まず押さえたい「見分け方」の全体像
シロアリ被害は「音・手触り・見た目・時期・場所」の五つで総合判断します。木を叩いたときの軽い音、指で押したときの沈み、塗装の波打ちや壁紙の膨れ、羽アリの出現時期、そして玄関框や浴室周りなどの発生しやすい場所を関連づけて考えるのがコツです。単独のサインより、複数のサインが同時に出ていないかを落ち着いて確認しましょう。
音と手触りで疑う
・柱や敷居を軽く叩くと「ポコポコ」と空洞音
・木口や表面を指で押すとスポンと沈む、もろく崩れる
・床の一部がたわむ、歩行時に沈みを感じる
これらは内部の食害で木材がスカスカになっている典型です。
見た目の異変を拾う
・基礎や壁に土の細いトンネル(蟻道)がある
・壁紙の局所的な膨れ、塗装の浮き・割れ
・窓枠や巾木の線に沿った土汚れや泥の筋
・室内外で羽だけが大量に落ちている
一つでも当てはまれば、他のサインとの重なりを必ず確認します。
羽アリで見分ける:クロアリとの違い
羽アリの正体を見誤ると判断を誤ります。
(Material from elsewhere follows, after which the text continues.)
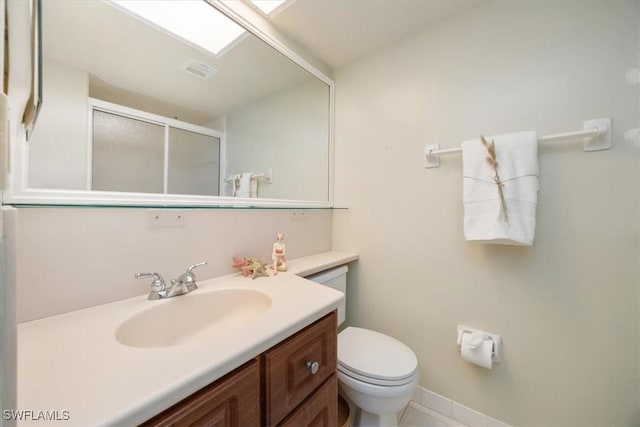 21 High Point Cir E Unit 502, Naples, FL 34103 - full bathroom featuring a stall shower, toilet, vanity, and baseboards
体のつくりと出現のタイミング、行動の仕方を押さえれば、クロアリの羽アリと区別できます。特に室内で群飛した場合は、建物内部に巣がある可能性が高まるため、観察ポイントを逃さないでください。
体の形状と羽の特徴
・シロアリ:胴体はくびれが目立たずストンと太い/翅は前後ほぼ同じ大きさ
・クロアリ:胴体はハッキリくびれる/前翅が後翅より大きい
・触角:シロアリは数珠状、クロアリは肘状に曲がる
この3点を写真に残せば、後の判定がスムーズです。
出現時期と行動
・シロアリの羽アリは湿った気候の夕方〜夜に室内照明へ集まりがち
・窓際や照明下に羽が多数落ちる/同じ場所で数日連続で見かける
・屋外だけで一過性に見た場合は、迷い込みの可能性も考える
時期・場所・量をメモしておくと、調査の精度が上がります。
家のどこをどう点検するか:手順と優先度
一気に全てを見るより、湿気が溜まりやすく被害が集中しやすい場所から順に確認します。室内→床下周辺→屋外の順で、目線・手触り・嗅覚(カビ臭)を使いながら、「土・水・木が接近している所」に注目しましょう。点検は壊さず、記録優先で進めます。
室内の重点チェック
・玄関框、敷居、巾木、勝手口周りに沈みや土汚れがないか
・洗面・浴室の床際や出入口で床のたわみ、コーキング切れがないか
・壁紙の局所的な膨れ、塗膜の波打ち、直線状の変色がないか
・室内の窓台や照明下に羽の残骸が溜まっていないか
・柱や鴨居を軽く叩いて空洞音がしないか
違和感はスマホで位置関係がわかるよう写真とメモを残します。
屋外・床下周りのチェック
・基礎と外壁の取り合い、配管の立ち上がりに蟻道や泥筋がないか
・室外機のドレンや蛇口の排水が基礎へかかっていないか
・ウッドデッキの束、フェンスの柱、薪・段ボールの直置きがないか
・花壇や盛土が水切りより高く、木部が常時湿らないか
屋外で複数のリスクが重なる場所は、優先して管理を見直しましょう。
「見分けた後」の正しい初動
発見直後は、焦って壊さず・散らさず・乾かしすぎずが鉄則です。証拠を崩すと活動範囲や侵入経路が不明確になり、対処が長引くことがあります。現状維持で記録を整え、必要な写真とメモを揃えてから専門家に相談します。
やってはいけない対応
・蟻道を剥がす、木部をこじ開けるなどの破壊
・市販燻煙剤や殺虫スプレーで追い散らす(分散・再侵入の原因)
・過度な送風や暖房で急乾燥させる(構造材の歪み・割れ)
・濡れを放置してカビを助長する
判断材料を残すことが、結果的に工期短縮と費用抑制につながります。
専門業者へ伝える要点
・発見日時、場所、写真(全景・近景・スケール入り)
・羽アリの有無、体色、出現時間帯と回数
・床の沈みや扉の建て付け不良など生活上の不具合
・近年のリフォーム歴、漏水・結露・雨仕舞いの不具合
これらを整理して共有すると、調査・施工の精度と説明の納得感が高まります。